Oil and gas output is now being added to an already buoyant economy. Hydrocarbon production will generate income that can help the government to balance its books and fund national infrastructural and social projects. Yet it can also provide the energy resources needed to diversify the economy, create skilled employment and further Accra’s aim of turning Ghana into a middle-ranking economy. By Neil Ford.
The first substantive commercial oil production came in 2010 from the Jubilee Field, which spreads over both the Deepwater Tano and West Cape Three Points offshore blocks. Investors comprising Tullow Oil, Kosmos Energy, Anadarko, state-owned Ghana National Petroleum Corporation (GNPC) and Sabre Oil & Gas, which is now owned by South Africa’s Petro SA created a joint consortium to develop Jubilee.
As a deepwater field, production is via a floating production storage and offloading (FPSO) vessel, which has been named the Kwame Nkrumah. The Jubilee project is to be developed in two phases, with each aiming to produce 125,000 b/d, although output during the early years of Phase 1 has fallen below target. Technical problems, including on the FPSO’s water injection system, initially held back production but output averaged about 100,000 b/d last year.
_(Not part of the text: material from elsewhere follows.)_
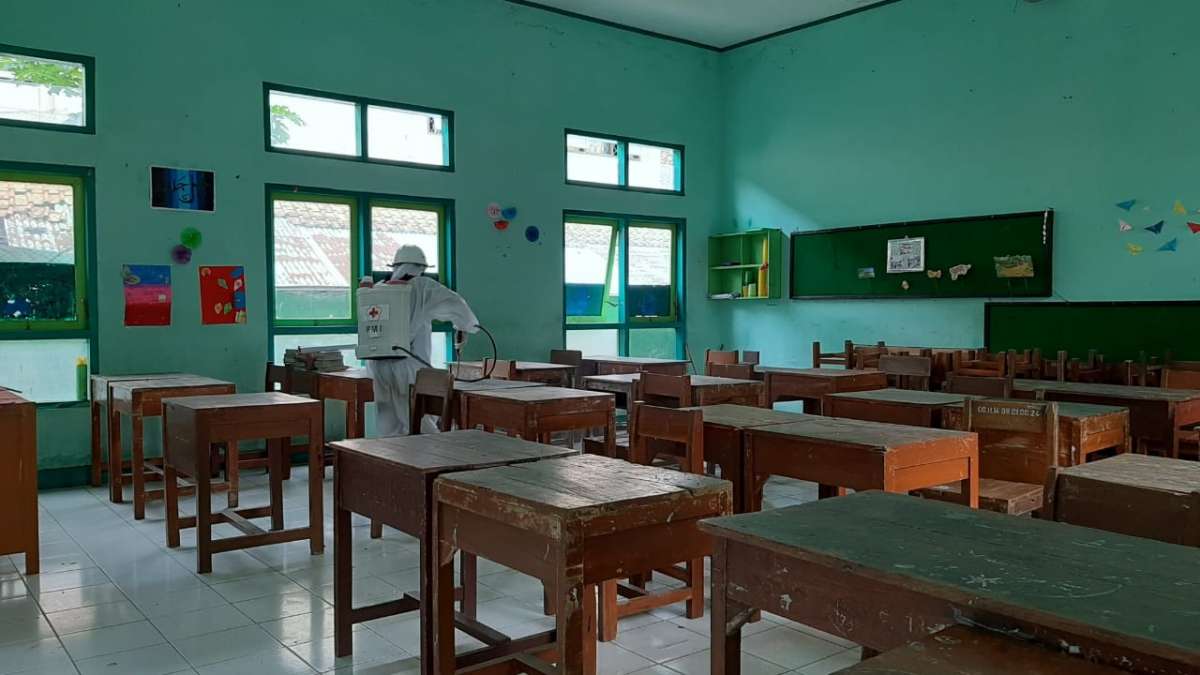 Sejumlah Sekolah Disemprot Disinfektan di Banjarnegara, Hari Ini Siswa dari Tiga Sekolah Mulai Berangkat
Minister of Energy, Emmanuel Armah Kofi Buah has revealed that improvements on five of the nine Jubilee production wells have boosted output. Accra is already benefiting from oil revenues, earning $1.4bn wby mid-2013, as oil overtook cocoa as the country’s second-biggest source of revenue.
By 10 September, 77m barrels had been produced on the field, of which 13m barrels were allocated to the GNPC. A string of other projects should add to national oil production. A development plan for the deepwater Tweneboa, Enyenra and Ntomme (TEN) project, which is located 30km west of the Jubilee Field on the Deepwater Tano area has now been agreed, with first production due in 2016.
As on Jubilee, an FPSO will be utilised and associated gas piped from the vessel to the onshore Atuabo gas processing plant. Reserves on the TEN fields are put at up to 500m barrels, which should yield production of 76,000 b/d of crude oil and 170m cubic feet of natural gas a day.
Aidan Heavey, the chief executive of Tullow, commented: “This is an important project that will give Ghana its second major offshore development. The government of Ghana has set us a number of important targets around local content and supply chain. I have every confidence that we will meet these targets.” The project is being developed by Tullow (47.175%), Kosmos Energy (17%), Anadarko Petroleum (17%), Sabre Oil & Gas (3.825%) and the GNPC (15%).
Aside from projects being developed by the Tullow-led consortia, additional oil production should come from fields operated by Italian firm Eni, including on the Offshore Cape Three Points (OCTP) Block. Eni holds a 47.62% stake in the venture, alongside partners Vital (37.38%) and GNPC (15%).
Production is expected to reach 50,000 b/d of crude oil and 160m cubic feet a day and it has been suggested that much of the gas could be dedicated for use at the Aboadze power plant. Eni estimates recoverable reserves on OCTP at 1.1 trillion cubic feet of gas and 150m barrels of oil.